Is Jermaine defintely out for this game as well?


----------



## Louie (Jun 13, 2002)

I like the way the Bulls are going, but this is still the best team in the east and one of the best teams in the league. I think the Pacers win this one.



Wait a second.......I predict a loss and Bama predicts a win?!? Tell your families that you love them cause the world is ending!


----------



## BamaBull (Jun 24, 2002)

> Originally posted by <b>Louie</b>!
> 
> 
> 
> Wait a second.......I predict a loss and Bama predicts a win?!? Tell your families that you love them cause the world is ending!


I was attempting to utilize wishful thinking...or hoping...(also praying fervently..7th!!!) THIS Bulls team NEEDS this win.


----------



## FBarley (Nov 10, 2002)

Bulls win tonight and tie up the season series


----------



## Fizer Fanatic (Jun 20, 2002)

> Originally posted by <b>HAWK23</b>!
> Is Jermaine defintely out for this game as well?


I'm pretty sure, I think I saw somewhere that he's out something like 7-10 days.


----------



## FBarley (Nov 10, 2002)

Artest is out


----------



## Fizer Fanatic (Jun 20, 2002)

No Artest, stomach flu. That helps our chances.


----------



## BamaBull (Jun 24, 2002)

*18-6 Bulls...6:00 left...*

Bulls look pretty good..cept jalen.....so far..


----------



## Fizer Fanatic (Jun 20, 2002)

*Re: 18-6 Bulls...6:00 left...*



> Originally posted by <b>BamaBull</b>!
> Bulls look pretty good..cept jalen.....so far..


Too many fouls, but shooting has been great for pretty much everyone so far.


----------



## Chops (May 30, 2002)

We are giving up too many offensive rebounds.


----------



## BamaBull (Jun 24, 2002)

*I just don't know about Jamal's...*

long range shots...he seems to "shove" the ball at the basket....ugly....crappy ball handling by the Bulls without marshall in the game....eddie needs to grow a pair and guard brad miller....miller makes me sick... 26-15 Bulls...3 minutes or so to go in the 1st..jay, donyell and tyson..ALL WITH 2 fouls already!


----------



## Future (Jul 24, 2002)

Does Curry not know how to rebound? He plays so soft!!!!! Someone please make him watch Amare Stoudemire tape.

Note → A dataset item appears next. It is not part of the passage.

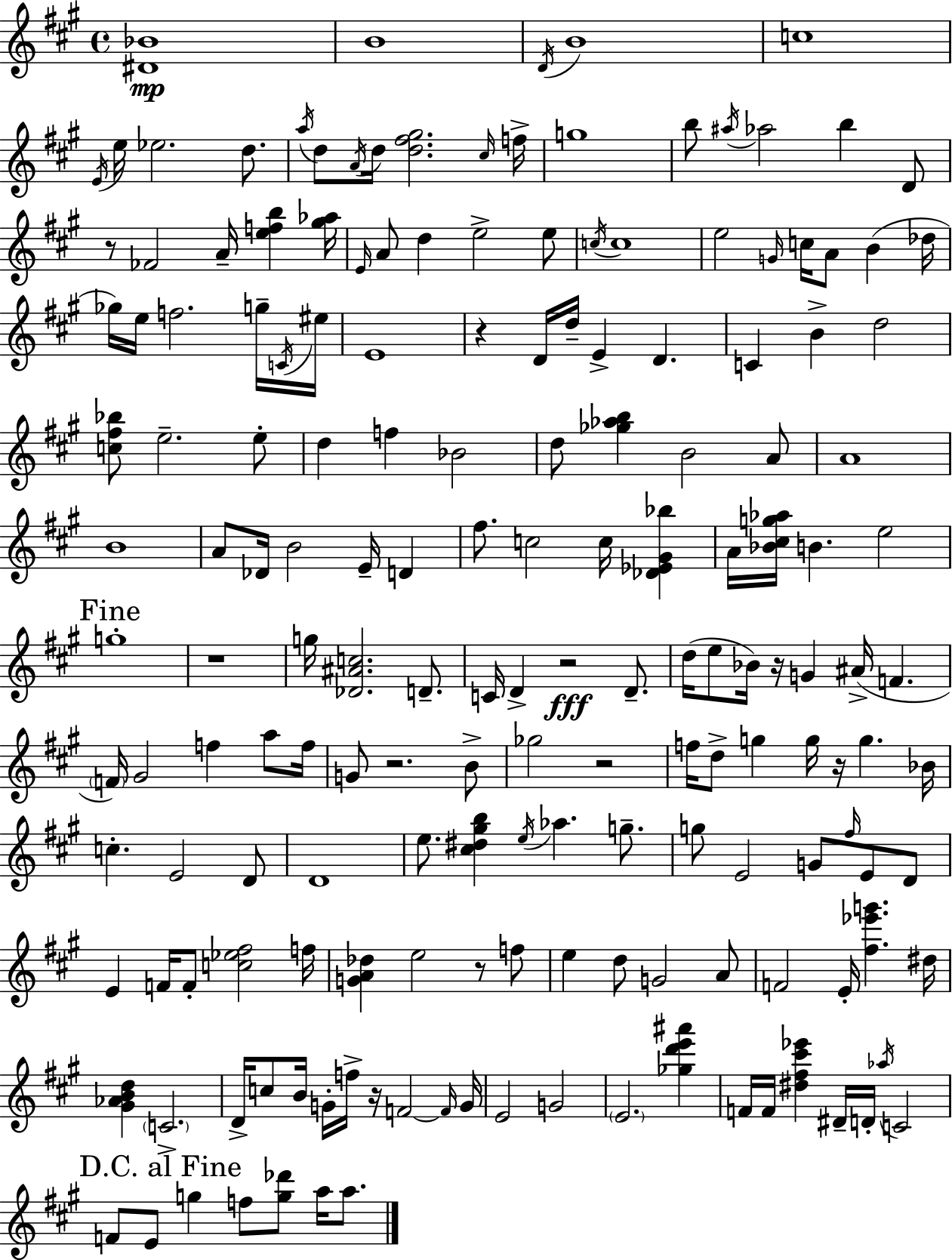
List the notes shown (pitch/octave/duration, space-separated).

[D#4,Bb4]/w B4/w D4/s B4/w C5/w E4/s E5/s Eb5/h. D5/e. A5/s D5/e A4/s D5/s [D5,F#5,G#5]/h. C#5/s F5/s G5/w B5/e A#5/s Ab5/h B5/q D4/e R/e FES4/h A4/s [E5,F5,B5]/q [G#5,Ab5]/s E4/s A4/e D5/q E5/h E5/e C5/s C5/w E5/h G4/s C5/s A4/e B4/q Db5/s Gb5/s E5/s F5/h. G5/s C4/s EIS5/s E4/w R/q D4/s D5/s E4/q D4/q. C4/q B4/q D5/h [C5,F#5,Bb5]/e E5/h. E5/e D5/q F5/q Bb4/h D5/e [Gb5,Ab5,B5]/q B4/h A4/e A4/w B4/w A4/e Db4/s B4/h E4/s D4/q F#5/e. C5/h C5/s [Db4,Eb4,G#4,Bb5]/q A4/s [Bb4,C#5,G5,Ab5]/s B4/q. E5/h G5/w R/w G5/s [Db4,A#4,C5]/h. D4/e. C4/s D4/q R/h D4/e. D5/s E5/e Bb4/s R/s G4/q A#4/s F4/q. F4/s G#4/h F5/q A5/e F5/s G4/e R/h. B4/e Gb5/h R/h F5/s D5/e G5/q G5/s R/s G5/q. Bb4/s C5/q. E4/h D4/e D4/w E5/e. [C#5,D#5,G#5,B5]/q E5/s Ab5/q. G5/e. G5/e E4/h G4/e F#5/s E4/e D4/e E4/q F4/s F4/e [C5,Eb5,F#5]/h F5/s [G4,A4,Db5]/q E5/h R/e F5/e E5/q D5/e G4/h A4/e F4/h E4/s [F#5,Eb6,G6]/q. D#5/s [G#4,Ab4,B4,D5]/q C4/h. D4/s C5/e B4/s G4/s F5/s R/s F4/h F4/s G4/s E4/h G4/h E4/h. [Gb5,D6,E6,A#6]/q F4/s F4/s [D#5,F#5,C#6,Eb6]/q D#4/s D4/s Ab5/s C4/h F4/e E4/e G5/q F5/e [G5,Db6]/e A5/s A5/e.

And Cartwright will play Crawford at the 2 with Hoiberg, but not with JWILL!!?? Please, someone explain why BC does that.

Fouls killin us after the hot start. 

The only player from the second group playin well is Fizer. Crawford and Curry came out like crap. 

26-22

Chandler had so much intensity.... then Curry came in and slowed everything down. I say when you can touch the ball as curry did, he should be able to rebound!!


----------



## FBarley (Nov 10, 2002)

I don't think the Bulls scored any in the last 4 minutes of the quarter


----------



## Fizer Fanatic (Jun 20, 2002)

*Re: Re: 18-6 Bulls...6:00 left...*



> Originally posted by <b>Fizer Fanatic</b>!
> 
> Too many fouls, but shooting has been great for pretty much everyone so far.


Ok, still too many fouls and everyone has gone cold now.


----------



## BamaBull (Jun 24, 2002)

*The Bulls had 20 points with 5:42 left in*

..the first quarter..the score was 20-10 also....end of the first quarter...Bulls 26, Pacers 22....what a sorry display of basketball on your home court. lead or not....that is a sorry way to end up the quarter...rose....has he made one shot? or is he like 0-5 now..anyone?


----------



## Chops (May 30, 2002)

Rose is 0-3


----------



## Future (Jul 24, 2002)

Curry sucks, get him out, put a real prospect in. Put in Chandler.


----------



## DaBullz (Jul 15, 2002)

*Re: The Bulls had 20 points with 5:42 left in*



> Originally posted by <b>BamaBull</b>!
> ..the first quarter..the score was 20-10 also....end of the first quarter...Bulls 26, Pacers 22....what a sorry display of basketball on your home court. lead or not....that is a sorry way to end up the quarter...rose....has he made one shot? or is he like 0-5 now..anyone?


22-19 (Mercer's 3 didn't count)

But the lead is now 28-25


----------



## BamaBull (Jun 24, 2002)

*0-4 now....*



> Originally posted by <b>KC</b>!
> Rose is 0-3


curry hasn't a clue....brad miller is a slow, clumsy 7 footer...why is donyell playing him and tyson playing the small forward???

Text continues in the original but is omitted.